- _Extracted data_

--

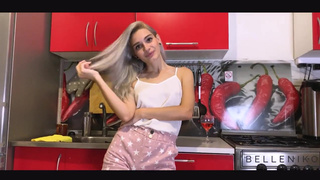 Русский мужчина чпокает бывшую в задницу рачком на кухне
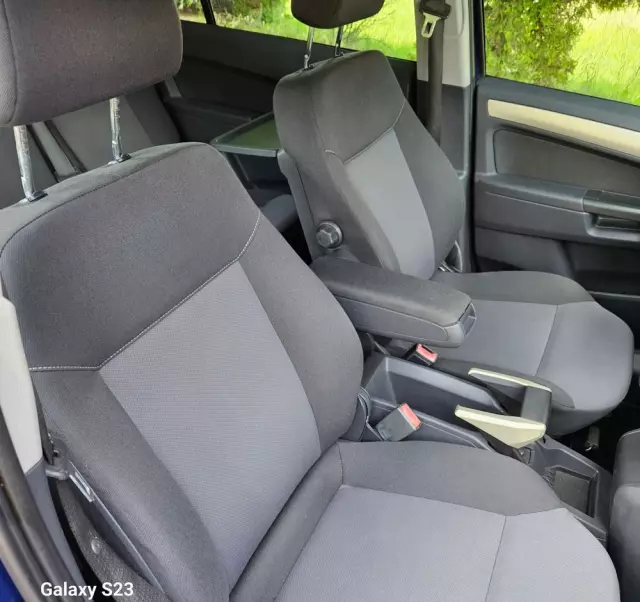 OPEL Zafira 1.6 Edition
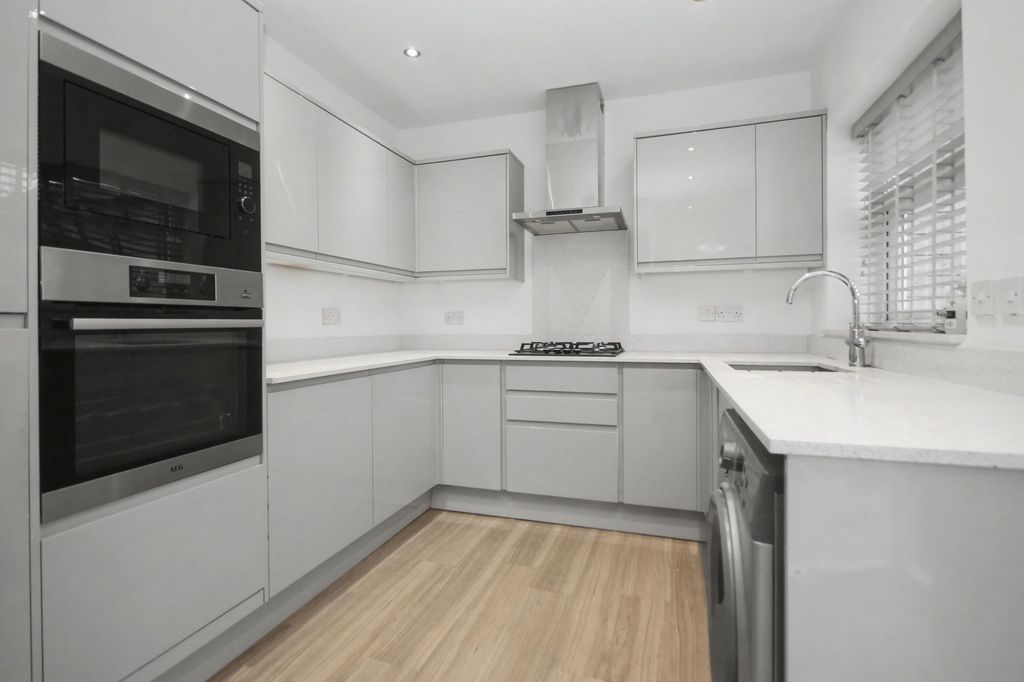 Property photo 3 of 23 Kitchen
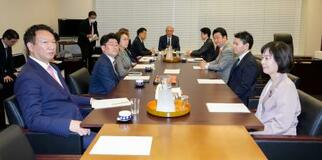 自民、憲法審を９日開催提案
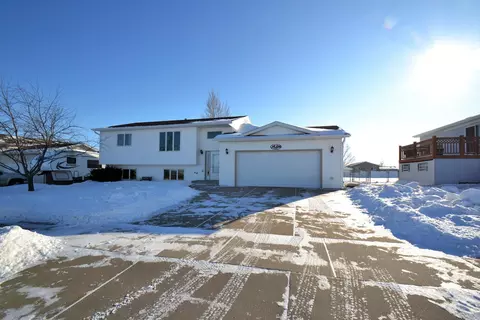 3607 43rd St NW, Mandan, ND 58554 photo 41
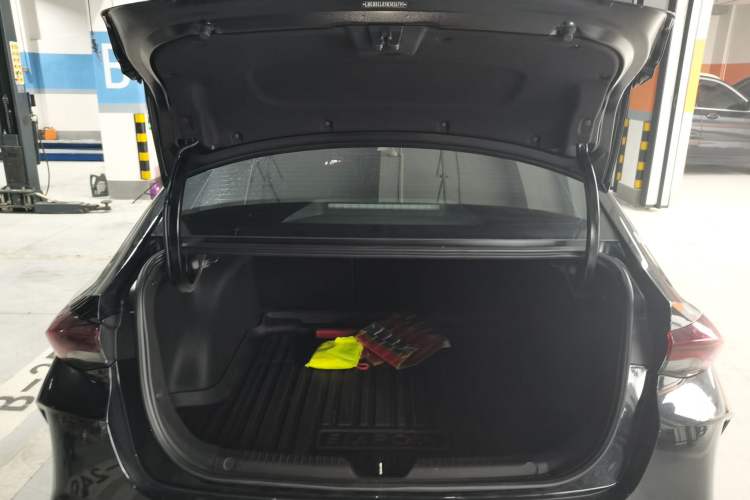 Used GAC Trumpchi EMPOW 2021 270T DCT J16 Version Trunk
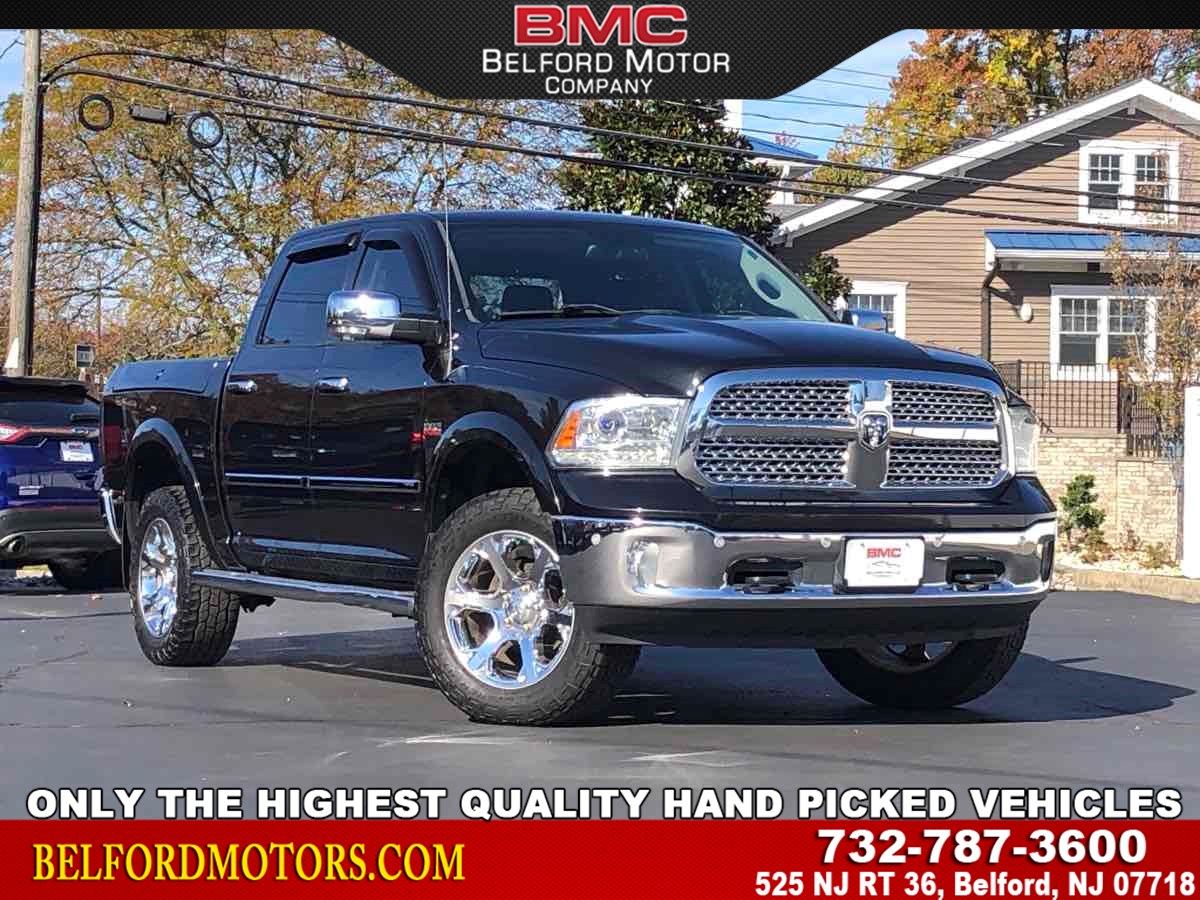 2016 Ram 1500 Laramie 4X4 Crew Cab V8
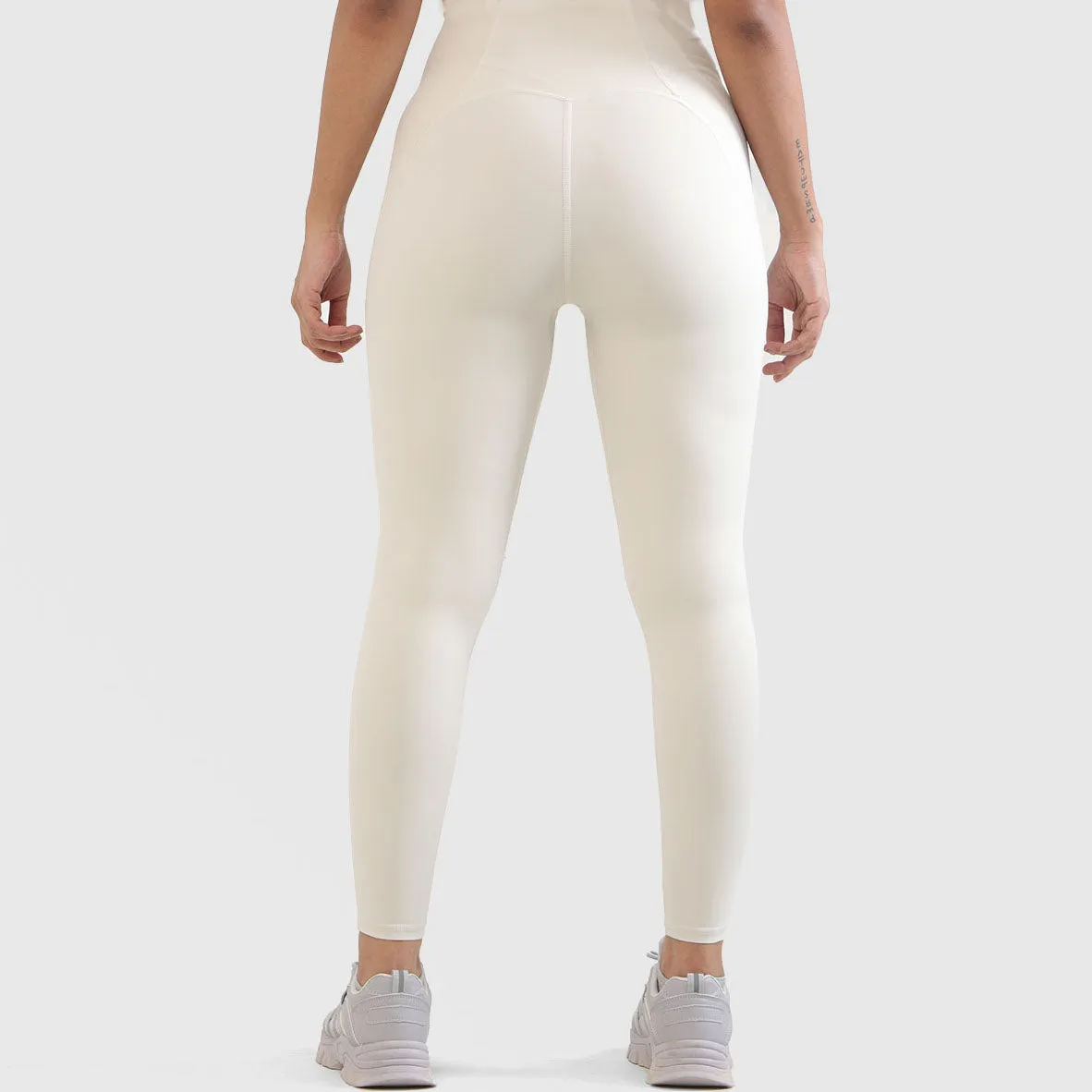 Curvet Leggings (Cream)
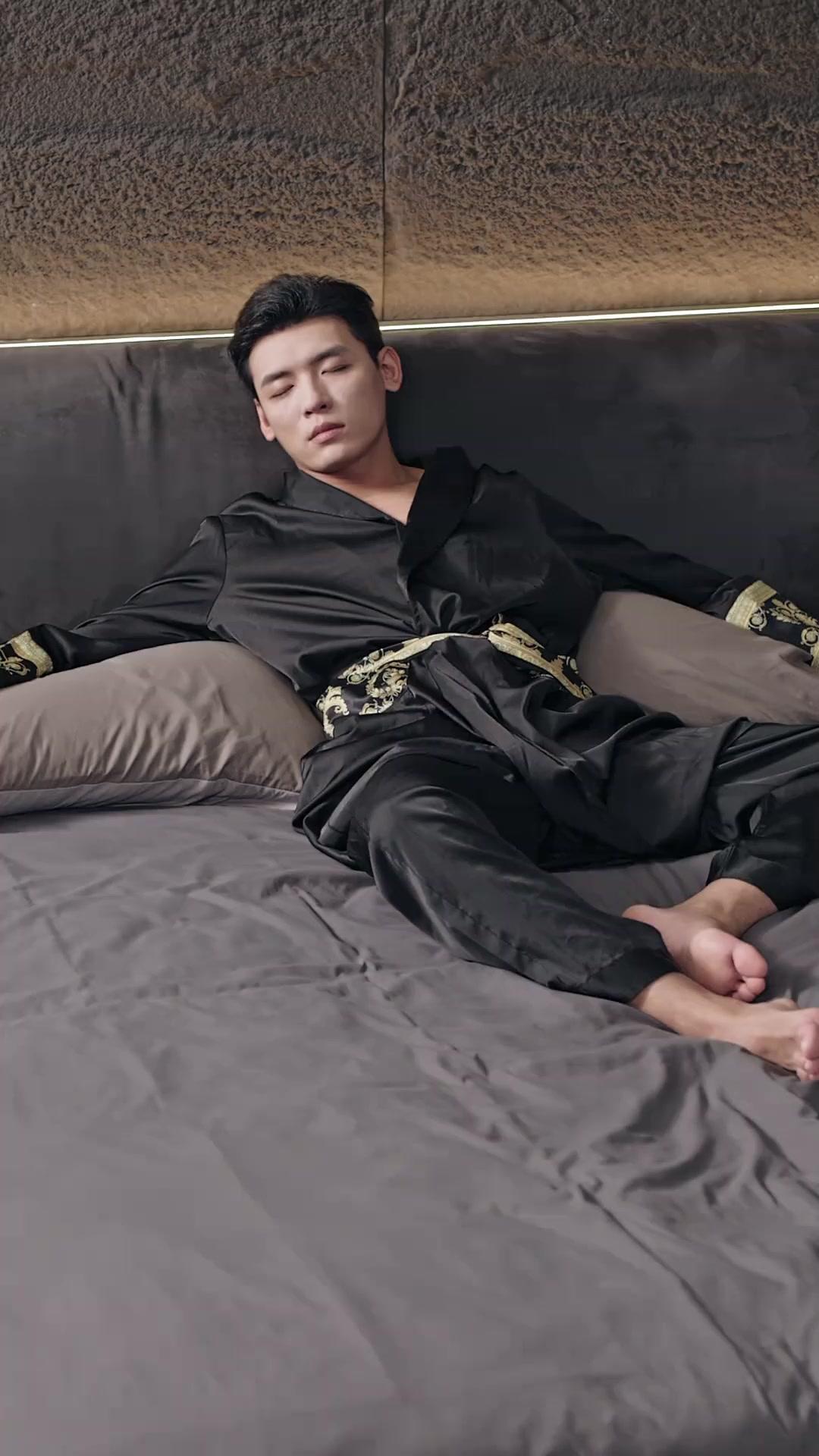 Pacar Bayaran itu Bosku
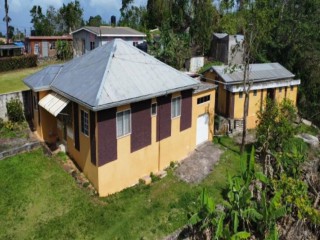 House For Sale in Knockpatrick, Manchester Jamaica | [2]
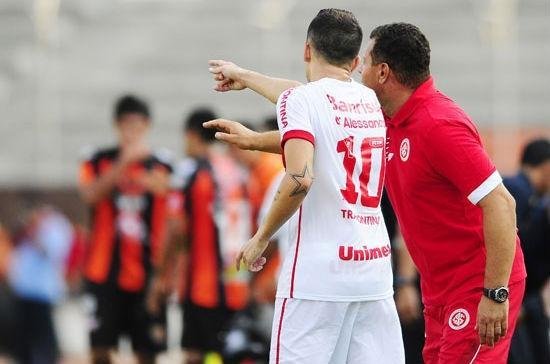 Derrota para o Jaguares foi a &uacute;ltima partida do Inter sob o comando de Roth em 2011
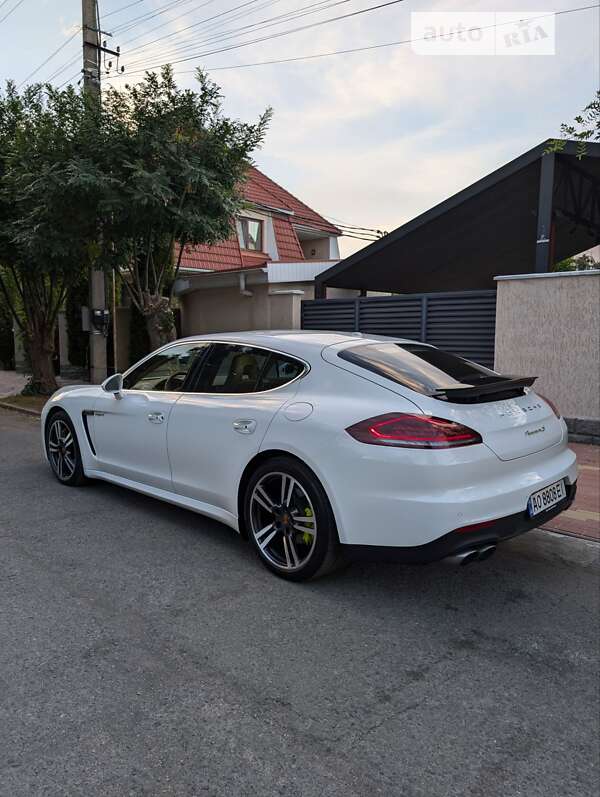 Фастбек Porsche Panamera 2014 в Ужгороді фото 8 Фастбек Porsche Panamera 2014 в Ужгороді
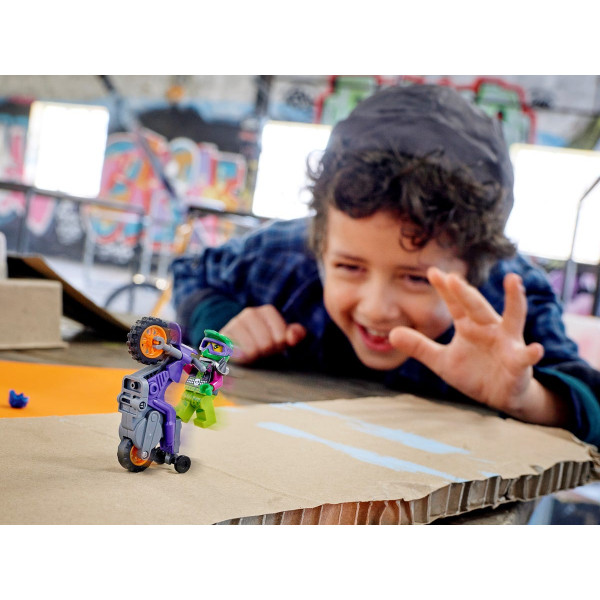 Фото - Конструктор LEGO City Каскадерський мотоцикл для ставання дибки (60296)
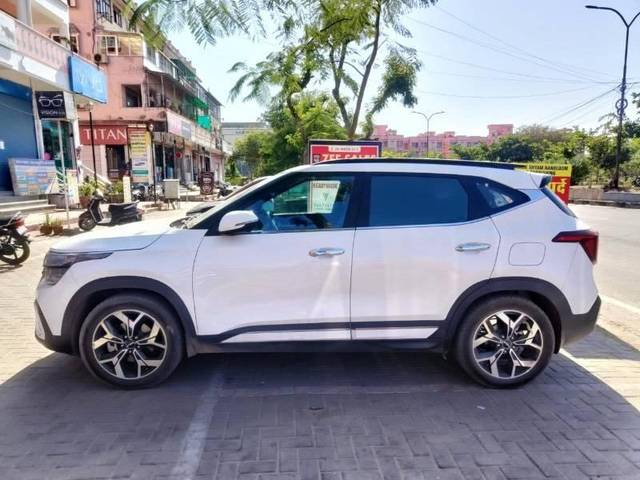 https://images10.gaadi.com/usedcar_image/4622633/original/processed_d0ec2842-82bd-4890-b914-88e8bfb6c052.jpeg?imwidth=6402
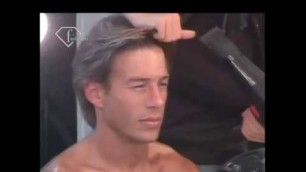 'Dieux Du Stade Calendrier Making Of Homme 2002 | FashionTV - FTV.com'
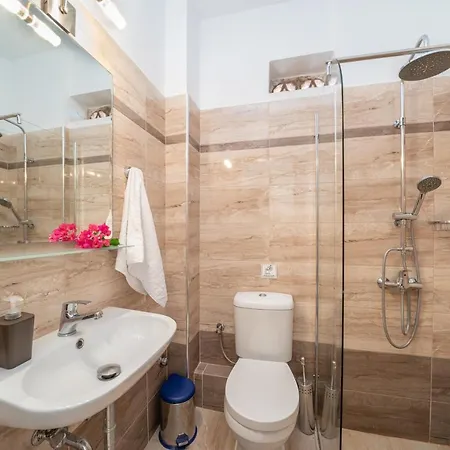 阿莱克萨图斯公寓酒店 公寓式酒店 Agia Efimia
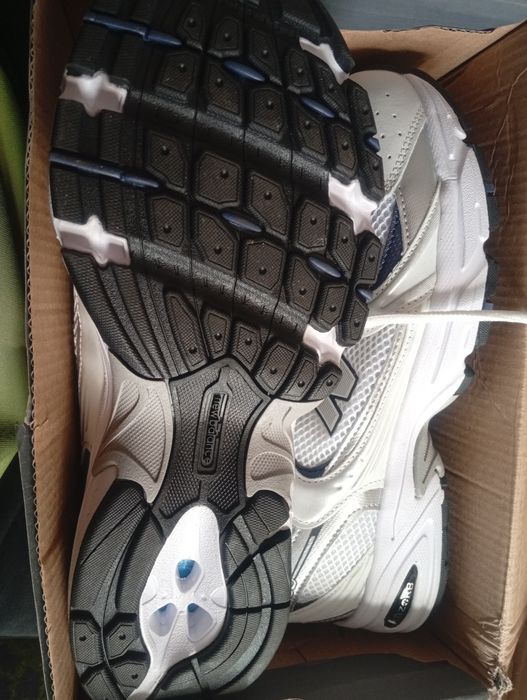 Продам кросовки новые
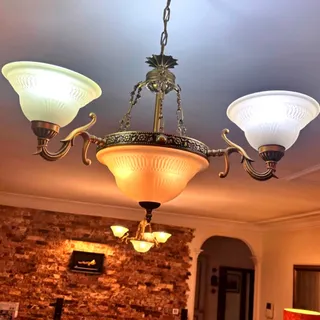 لوستر آنتیک برنزودیواری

--

- _Brief_
Go through the data above and transcribe it in full, omitting any image.

- _Response to the task_
 Русский мужчина чпокает бывшую в задницу рачком на кухне
 OPEL Zafira 1.6 Edition
 Property photo 3 of 23 Kitchen
 自民、憲法審を９日開催提案
 3607 43rd St NW, Mandan, ND 58554 photo 41
 Used GAC Trumpchi EMPOW 2021 270T DCT J16 Version Trunk
 2016 Ram 1500 Laramie 4X4 Crew Cab V8
 Curvet Leggings (Cream)
 Pacar Bayaran itu Bosku
 House For Sale in Knockpatrick, Manchester Jamaica | [2]
 Derrota para o Jaguares foi a &uacute;ltima partida do Inter sob o comando de Roth em 2011
 Фастбек Porsche Panamera 2014 в Ужгороді фото 8 Фастбек Porsche Panamera 2014 в Ужгороді
 Фото - Конструктор LEGO City Каскадерський мотоцикл для ставання дибки (60296)
 https://images10.gaadi.com/usedcar_image/4622633/original/processed_d0ec2842-82bd-4890-b914-88e8bfb6c052.jpeg?imwidth=6402
 'Dieux Du Stade Calendrier Making Of Homme 2002 | FashionTV - FTV.com'
 阿莱克萨图斯公寓酒店 公寓式酒店 Agia Efimia
 Продам кросовки новые
 لوستر آنتیک برنزودیواری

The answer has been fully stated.